A palavra folclore vem do inglês Folk=povo e Lore=conhecimento. Esse termo foi criado pelo arqueólogo inglês William John Thoms (1803-1885), pesquisador da cultura popular europeia, que em 22 de agosto de 1846 publicou um artigo intitulado “Folk-lore”, na revista The Athenaeum, propondo a criação do termo Folclore.

Folclore é, portanto, um conjunto costumes e conhecimento de um povo, transmitido de gerações para gerações. No Brasil, esses costumes têm origem na mistura das culturas europeias, indígenas e africanas e fazem muita referência com festas e brincadeiras populares. Nelas, muitas histórias e lendas são contadas.

Foi no período do Romantismo literário brasileiro que essas lendas e recebeu atenção, quando o mundo voltou-se para a valorização das culturas populares e nacionalistas. Conheça um pouco os personagens do nosso Folclore.

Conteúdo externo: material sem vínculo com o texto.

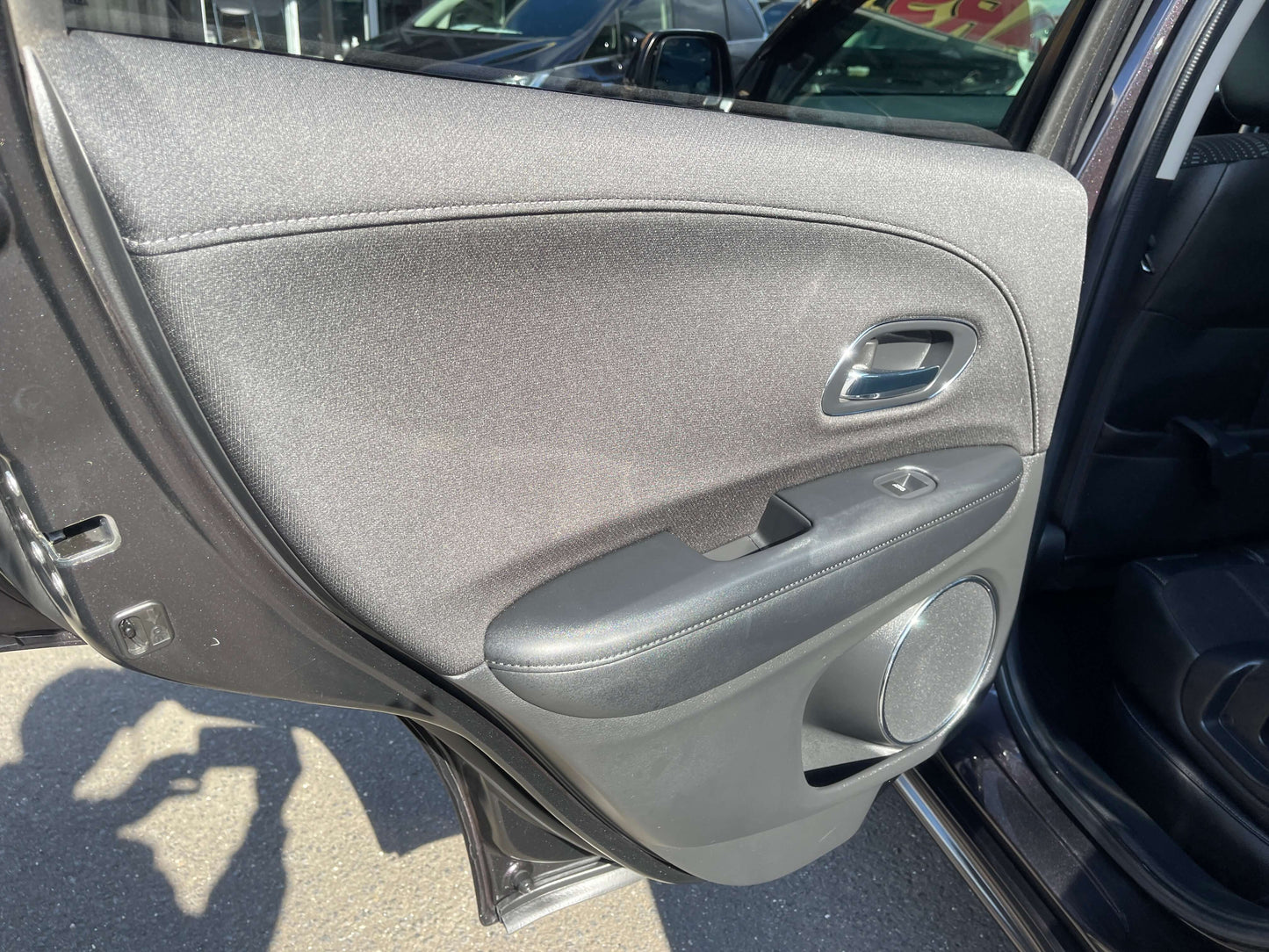 Interior door panel of a 2014 Honda Vezel HR-V Hybrid Z SUV, showcasing modern design and features.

Coleção Dedoches Lendas do Folclore Brasileiro

Iara ou Mãe-d’Água

é uma lenda de origem indígena. Segundo o Folclore, Iara é uma sereia (metade do corpo peixe e metade mulher) que usa seu belo e irresistível canto para atrair os homens, que se apaixonam por ela e a seguem até o fundo dos rios. Os índios têm tanto medo da Iara que procuram evitar os lagos ao entardecer.

Saci Pererê

é um jovem negro, de uma só perna, com um cachimbo na boca e uma carapuça vermelha sobre a cabeça que lhe dá poderes mágicos. Considerado uma figura brincalhona, que se diverte com os animais e pessoas com pequenas travessuras que criam dificuldades domésticas ou assusta viajantes noturnos.


Boto Rosa

os botos são mamíferos que vivem nos rios amazônicos. Diz-se que, durante as festas juninas, o boto rosado aparece transformado em um rapaz elegantemente vestido de branco e sempre com um chapéu para cobrir a grande narina que não desaparece do topo de sua cabeça com a transformação. Esse rapaz seduz as moças desacompanhadas, levando-as para o fundo do rio e, em alguns casos engravidando-as.

Curupira

é uma entidade das matas, um anão de cabelos compridos e vermelhos, cuja característica principal são os pés virados para trás. Protege a floresta e os animais, espantando os caçadores que não respeitam as leis da natureza, ou seja, que não preservam o período de procriação e amamentação dos animais, que caçam além do necessário para a sua sobrevivência e lenhadores que fazem derrubada de árvores de forma predatória.

Bumba meu boi

é a principal figura da festa de Bumba-Meu-Boi e consiste numa armação de madeira em forma de touro, coberta de veludo bordado. A festa deriva da tradição portuguesa e espanhola, tanto no que diz respeito ao desfile como à representação propriamente dita. A tradição de se encenarem peças religiosas de inspiração erudita, mas destinadas ao povo para comemorar festas católicas nascidas na luta da Igreja contra o paganismo. Esse costume foi retomado no Brasil pelos jesuítas em sua obra de evangelização dos indígenas, negros e dos próprios portugueses aventureiros e conquistadores no catolicismo, por meio da encenação de pequenas peças.